Hemolytic anemia was induced by a single intraperitoneal (IP) injection
of the pathogenic MRBC autoantibodies 105-2H (450 µg) or 34-3C
(120 µg) or the same amounts of isotype-matched control antibodies
5E5 (mIgG1) or W6/32 (mIgG2a). In some experiments mice received IP 10 µg naja naja cobra venom factor (Calbiochem, La Jolla,
CA) 1 day before and 2 days after the injection of 34-3C. This treatment depletes serum levels of complement C3 as determined by
CH50-measurements.

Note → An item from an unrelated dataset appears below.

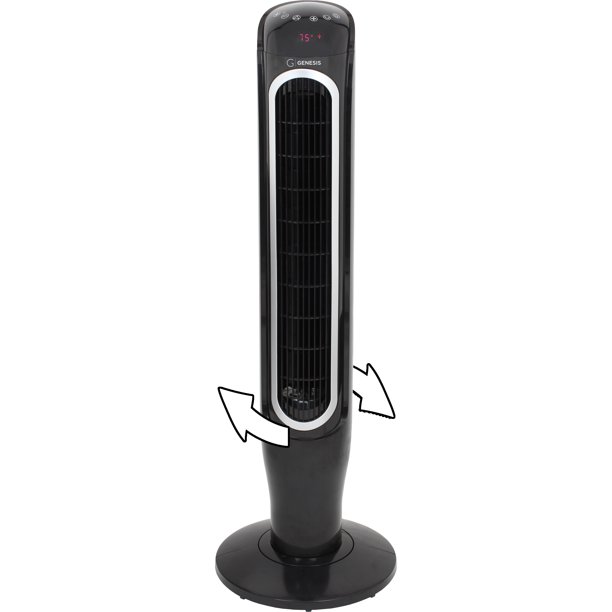 Genesis 40 Inch 360 Degree Oscillating Tower Fan With Remote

For FcRII and FcRIII blockade 250 µg 2.4G2 MoAb was injected IP 24 hours before and 24 and 72 hours after administration of MRBC 34-3C.22 Blood samples obtained
from the retroorbital plexus were collected into heparinized
microhematocrit capillary tubes and centrifuged for 5 minutes at
12,000 rpm in a microfuge. Hematocrits measured by the
percentage of packed RBCs were directly determined after
centrifugation.
Histopathology.
Mice were killed at day 2 after injection of pathogenic MRBC, and
major organs including spleens and livers were processed for
histological examination. Tissues were fixed in 10% buffered formaline, embedded in paraffin, and stained with hematoxylin and eosin
(H + E) according to conventional procedures. In further experiments
tissues were prepared for immunocytochemical techniques. Mac-1+ cells were revealed by incubating cryostat sections
for 30 minutes with the rat antibody M1/70 and then incubated with the
bridging anitbody Z0494 and the rat-APAAP antibody complex (D0488) for 30 minutes. The last two steps were repeated for 15 minutes followed by
visualization using naphthyl phosphate and Fast blue.23
Ingested erythrocytes were shown by their endogeneous peroxidase using H2O2 and diaminobenzidine as substrates. Thus,
Mac-1+ macrophages phagocytosing erythrocytes were seen as
blue cells with brown content. The slides were counterstained with
hematoxylin and mounted in glycergel (DAKO).
| |
RESULTS AND DISCUSSION |
Phagocytosis of IgG1 versus IgG2a-coated MRBCs in
FcRIII-deficient mice.
We first investigated the in vitro-phagocytosis of MRBCs opsonized with
105-2H (IgG1) and 34-3C (IgG2a) using thioglycolate-elicited peritoneal
macrophages that normally express FcRI, FcRII, and FcRIII.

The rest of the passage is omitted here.